Dataset content:
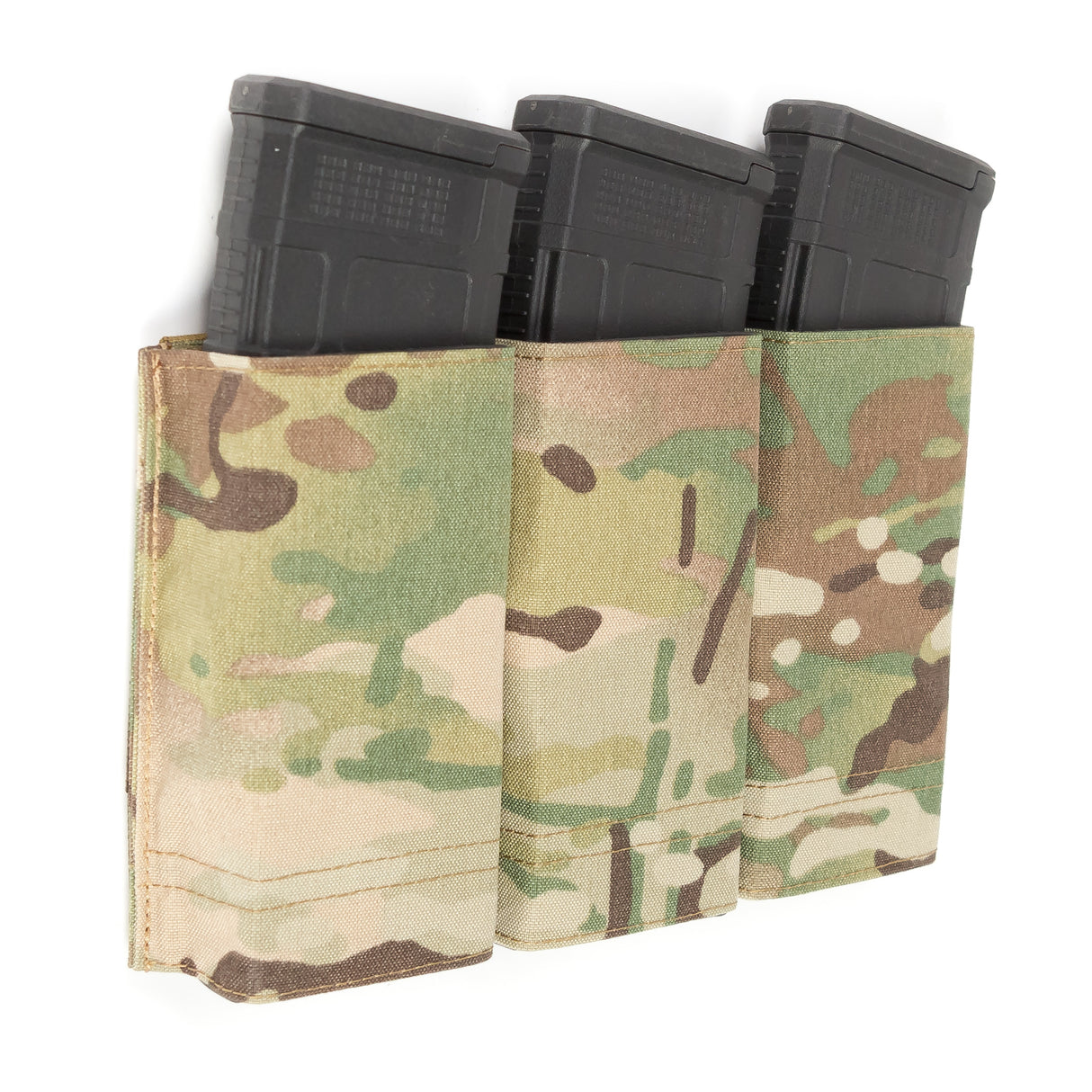 FAST selbstverriegelnde Tasche für 3 AR-15-Magazine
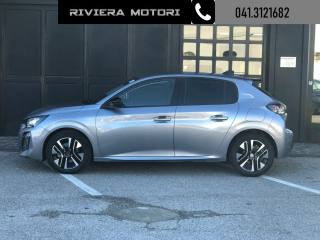 PEUGEOT 208 usata, con Airbag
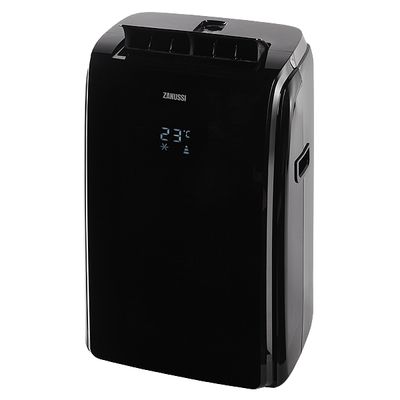 Мобильный кондиционер Zanussi ZACM-07 MP-III/N1 - изображение 10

Task directions:
Pictures stay out; all other material above is restated word for word.

Answer section:
 FAST selbstverriegelnde Tasche für 3 AR-15-Magazine
 PEUGEOT 208 usata, con Airbag
 Мобильный кондиционер Zanussi ZACM-07 MP-III/N1 - изображение 10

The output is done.